Leptospirosis should be differentiated from other febrile illnesses associated with headache and muscle pain, such as:

1. dengue,
2. malaria,
3. enteric fever,
4. viral hepatitis,
5. Hantavirus infections, and
6. rickettsial diseases.

Treatment of Leptospirosis

• The most commonly used antibiotics is penicillin and doxycycline.
• In milder cases, oral treatment with tetracycline, doxycycline, ampicillin, or amoxicillin should be considered.
• For severe cases of leptospirosis, intravenous administration of penicillin G, amoxicillin, ampicillin, or erythromycin is recommended.
• Patients with severe leptospirosis and renal failure may require dialysis.
• Those with Weil's syndrome may need transfusions of whole blood and/or platelets. Intensive care may be necessary.
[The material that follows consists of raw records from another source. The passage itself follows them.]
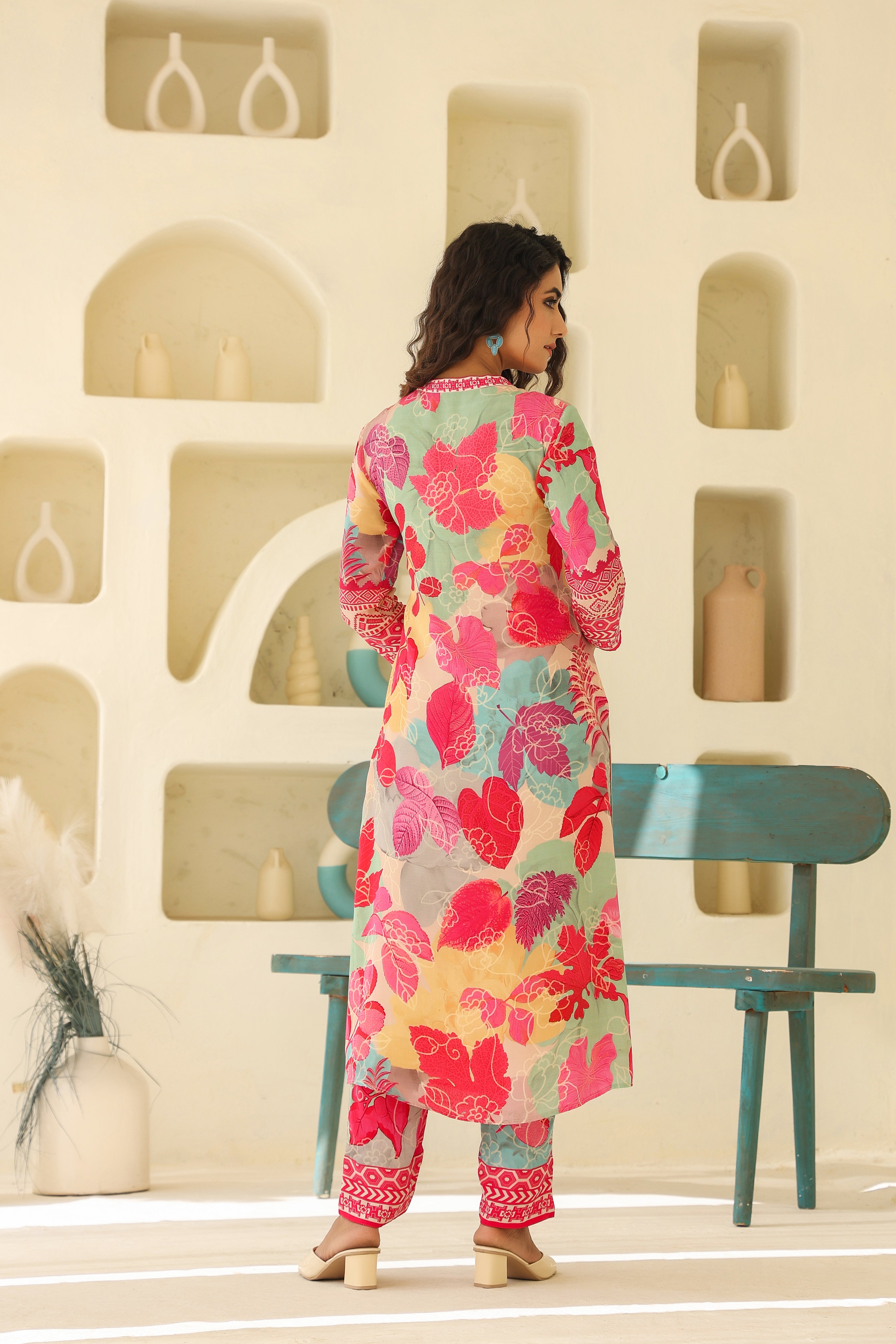 Pink Floral Printed Crepe Silk Kurta Pants Set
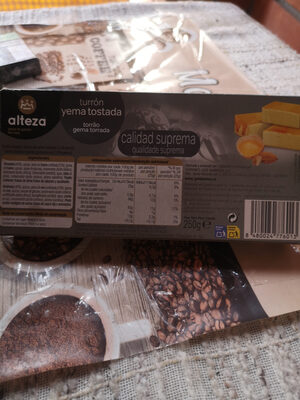 Turrón yema tostada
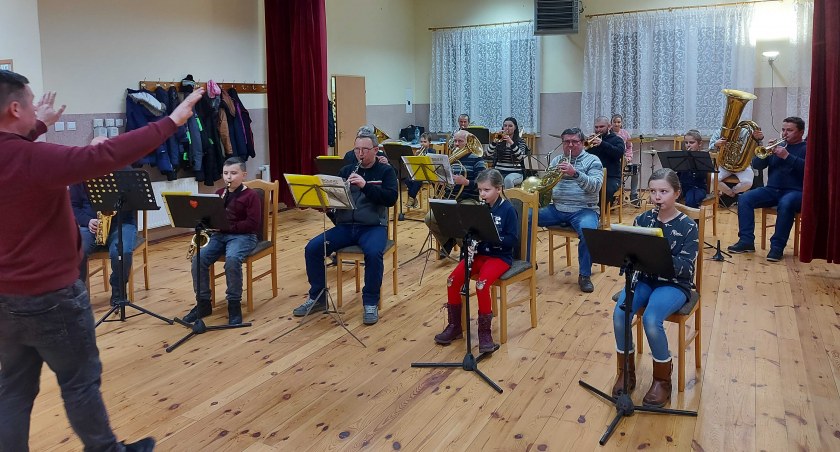 Obecnie próby orkiestry odbywają się zgodnie z wymogami sanitarnymi związanymi z COVID-19 fot.: Elżbieta Wodecka, archiwum Orkiestry Dętej OSP Słupsko 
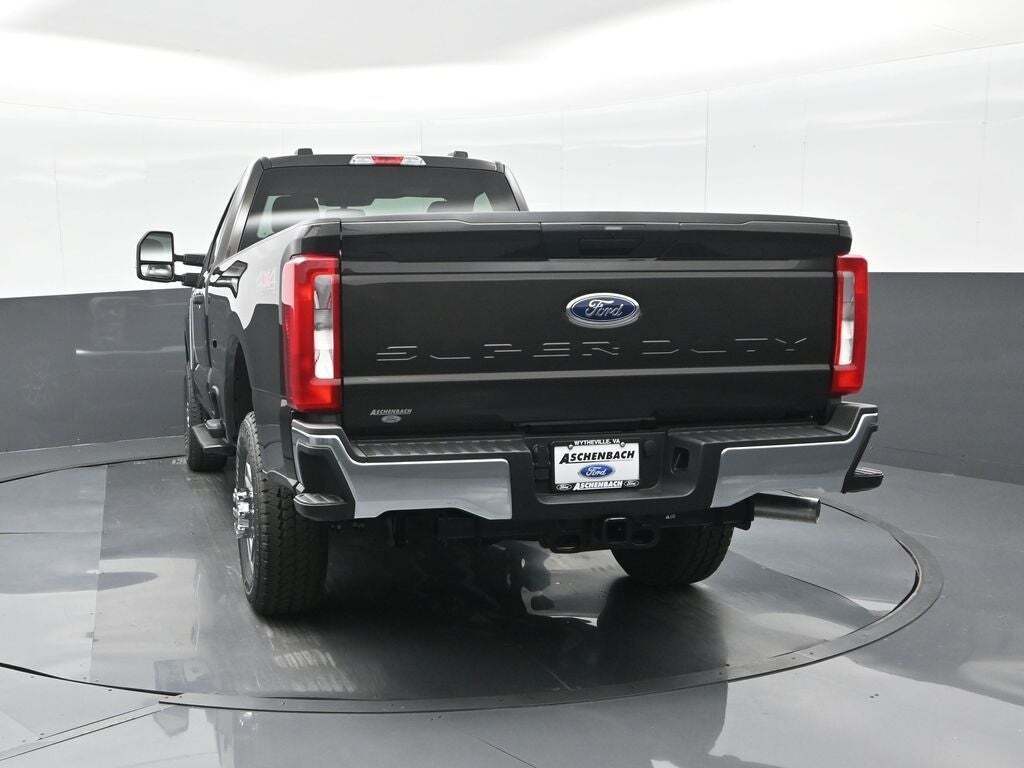 2025 Ford F-350 Super Duty XLT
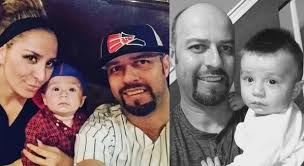 Cristina Eustace, Esteban Loaiza y el pequeño Esteban Andrés. (Twitter)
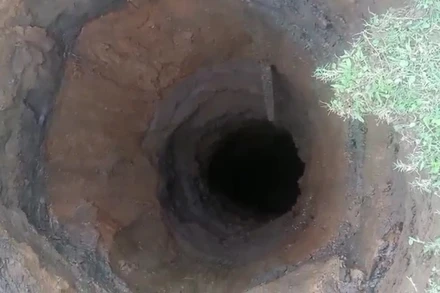 Xuất hiện hố sụt lún “không đáy” ở cánh đồng Na Tong (bản Công).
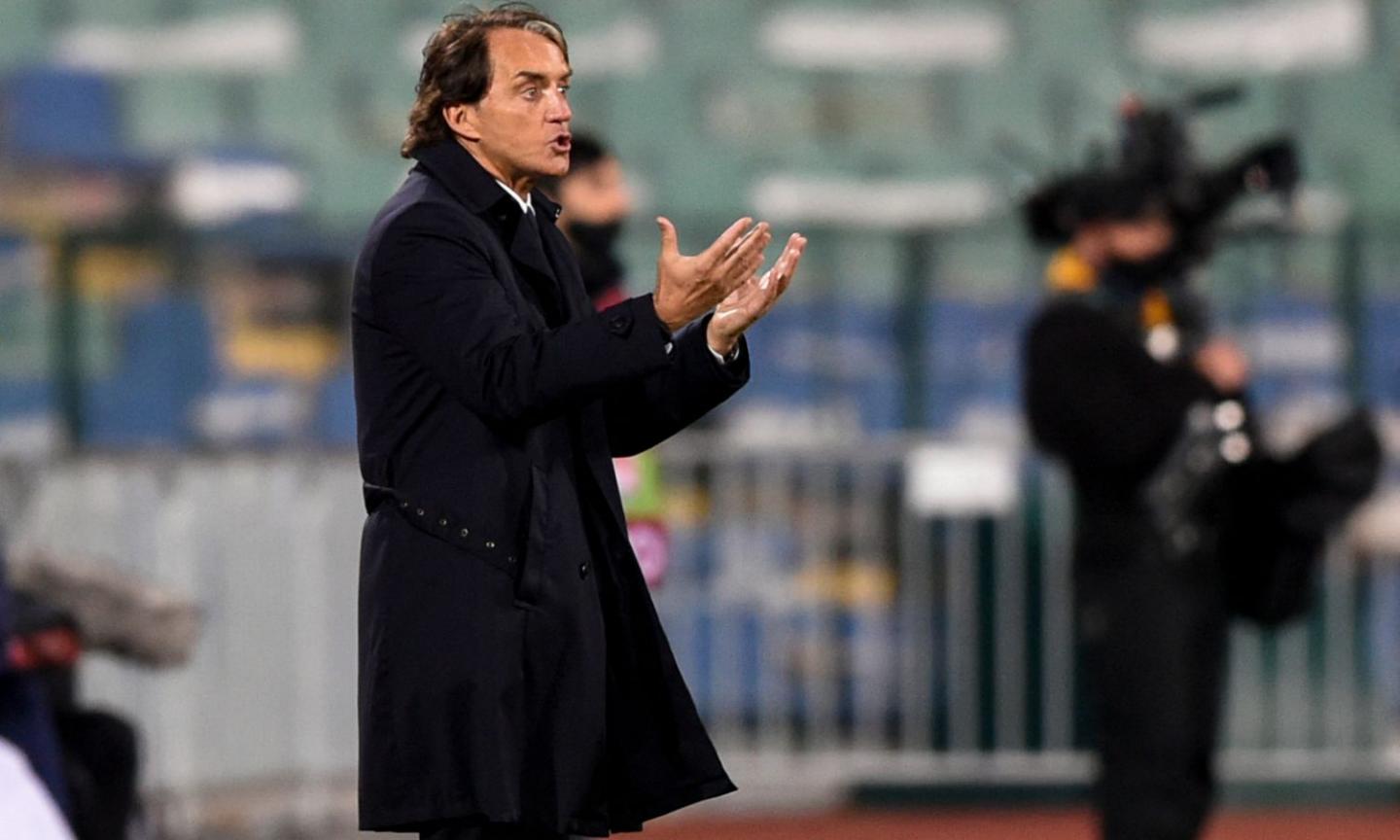 Italia, Mancini: 'I gol? Non mi sembrano che gli altri vincano 8-0... Giocatori stanchi, ma va bene così'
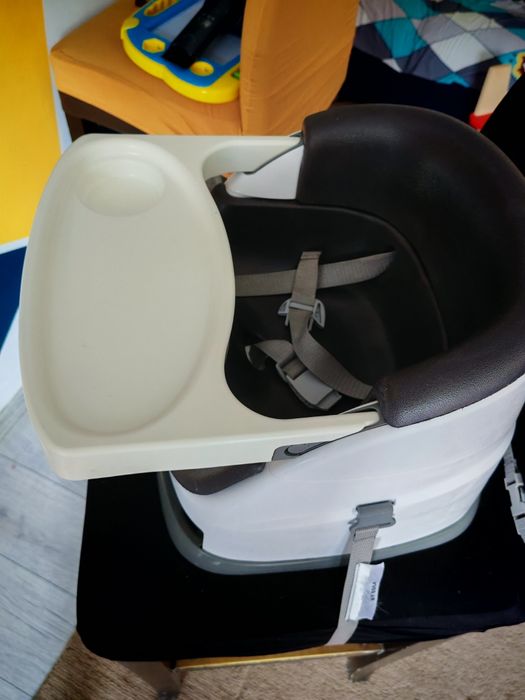 Vând scaun Ingenuity bebe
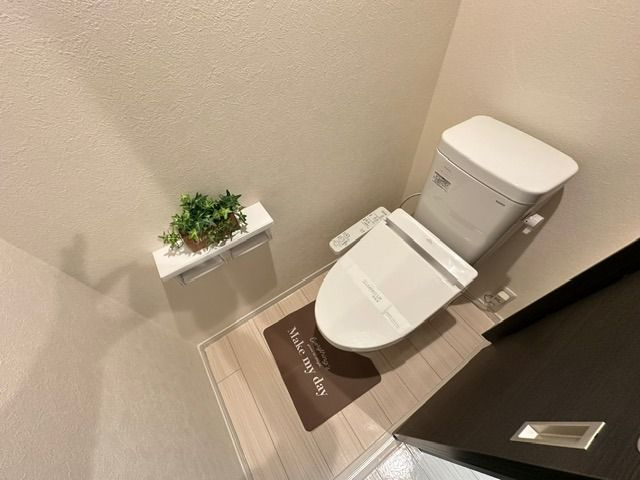 ＬＡＵＲＥＬ ＩＮＩＣＩＯのトイレ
Prognosis of Leptospirosis

• Most patients with leptospirosis recover.
• Mortality rates are highest among patients who are elderly and those who have Weil's syndrome.
• Leptospirosis during pregnancy is associated with high rates of fetal mortality.
• Long-term follow-up of patients with renal failure and hepatic dysfunction has documented good recovery of renal and hepatic function.

Prevention of Leptospirosis

• Individuals who may be exposed to leptospires through their occupations or their involvement in recreational water activities should be informed about the risks.
• Measures for controlling leptospirosis include avoidance of exposure to urine and tissues from infected animals, vaccination of animals, and rodent control.